Top of Given records

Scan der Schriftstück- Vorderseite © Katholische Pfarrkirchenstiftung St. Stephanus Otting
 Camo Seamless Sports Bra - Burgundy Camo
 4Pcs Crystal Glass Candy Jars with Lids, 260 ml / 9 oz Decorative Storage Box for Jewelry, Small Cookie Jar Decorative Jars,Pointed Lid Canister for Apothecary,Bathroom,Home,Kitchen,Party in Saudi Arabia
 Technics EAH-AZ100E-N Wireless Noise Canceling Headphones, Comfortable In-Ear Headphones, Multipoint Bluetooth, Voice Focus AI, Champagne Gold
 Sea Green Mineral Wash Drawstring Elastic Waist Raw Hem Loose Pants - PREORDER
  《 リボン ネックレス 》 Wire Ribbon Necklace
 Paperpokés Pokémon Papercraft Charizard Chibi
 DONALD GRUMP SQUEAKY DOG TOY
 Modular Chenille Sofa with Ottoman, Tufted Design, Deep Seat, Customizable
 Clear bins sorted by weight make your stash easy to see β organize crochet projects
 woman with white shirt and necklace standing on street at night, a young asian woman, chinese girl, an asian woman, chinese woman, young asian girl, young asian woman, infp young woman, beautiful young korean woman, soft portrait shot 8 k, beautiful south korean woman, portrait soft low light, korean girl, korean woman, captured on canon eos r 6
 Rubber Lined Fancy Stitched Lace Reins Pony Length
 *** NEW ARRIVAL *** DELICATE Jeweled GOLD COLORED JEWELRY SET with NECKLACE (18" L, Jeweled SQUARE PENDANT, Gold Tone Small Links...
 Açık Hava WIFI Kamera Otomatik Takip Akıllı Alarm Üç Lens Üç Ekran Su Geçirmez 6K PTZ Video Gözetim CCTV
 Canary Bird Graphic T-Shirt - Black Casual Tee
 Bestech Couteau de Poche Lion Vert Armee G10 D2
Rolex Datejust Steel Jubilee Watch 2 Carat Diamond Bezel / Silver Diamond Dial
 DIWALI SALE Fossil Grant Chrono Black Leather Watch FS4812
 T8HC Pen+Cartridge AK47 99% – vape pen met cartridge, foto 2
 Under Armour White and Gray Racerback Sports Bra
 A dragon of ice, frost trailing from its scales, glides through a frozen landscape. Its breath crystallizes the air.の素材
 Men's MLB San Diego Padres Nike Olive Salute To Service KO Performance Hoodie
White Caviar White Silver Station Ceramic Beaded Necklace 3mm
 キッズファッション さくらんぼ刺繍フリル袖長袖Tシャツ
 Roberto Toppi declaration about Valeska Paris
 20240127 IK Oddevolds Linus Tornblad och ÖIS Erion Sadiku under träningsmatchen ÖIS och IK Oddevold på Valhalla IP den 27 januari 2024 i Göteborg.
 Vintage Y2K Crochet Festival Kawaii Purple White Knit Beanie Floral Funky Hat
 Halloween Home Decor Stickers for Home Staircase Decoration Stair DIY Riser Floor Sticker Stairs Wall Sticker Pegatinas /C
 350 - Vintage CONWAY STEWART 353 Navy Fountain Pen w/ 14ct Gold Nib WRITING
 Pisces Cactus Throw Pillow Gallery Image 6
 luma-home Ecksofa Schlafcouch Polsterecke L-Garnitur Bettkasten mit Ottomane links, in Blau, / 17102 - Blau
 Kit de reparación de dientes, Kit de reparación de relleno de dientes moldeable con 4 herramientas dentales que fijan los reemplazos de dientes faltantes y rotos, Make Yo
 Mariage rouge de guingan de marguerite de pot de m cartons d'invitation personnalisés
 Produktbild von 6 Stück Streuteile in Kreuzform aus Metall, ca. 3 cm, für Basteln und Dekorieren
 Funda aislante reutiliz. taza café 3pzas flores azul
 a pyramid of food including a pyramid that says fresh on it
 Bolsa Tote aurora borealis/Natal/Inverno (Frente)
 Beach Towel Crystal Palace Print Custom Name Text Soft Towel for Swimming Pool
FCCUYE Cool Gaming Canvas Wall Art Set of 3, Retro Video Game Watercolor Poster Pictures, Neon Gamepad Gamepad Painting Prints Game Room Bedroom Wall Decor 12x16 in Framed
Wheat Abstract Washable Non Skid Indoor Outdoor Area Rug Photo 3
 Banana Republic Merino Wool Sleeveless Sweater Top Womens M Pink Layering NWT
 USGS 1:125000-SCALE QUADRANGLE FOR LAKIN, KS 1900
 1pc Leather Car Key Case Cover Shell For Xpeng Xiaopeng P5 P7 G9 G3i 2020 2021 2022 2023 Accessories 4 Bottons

Bottom of Given records

# Problem requirements
Only one stretch of the data above is needed. Restate it word for word, from the line containing "White Caviar White" through the line containing "Vintage Y2K Crochet", both ends included.

# Task result
White Caviar White Silver Station Ceramic Beaded Necklace 3mm
 キッズファッション さくらんぼ刺繍フリル袖長袖Tシャツ
 Roberto Toppi declaration about Valeska Paris
 20240127 IK Oddevolds Linus Tornblad och ÖIS Erion Sadiku under träningsmatchen ÖIS och IK Oddevold på Valhalla IP den 27 januari 2024 i Göteborg.
 Vintage Y2K Crochet Festival Kawaii Purple White Knit Beanie Floral Funky Hat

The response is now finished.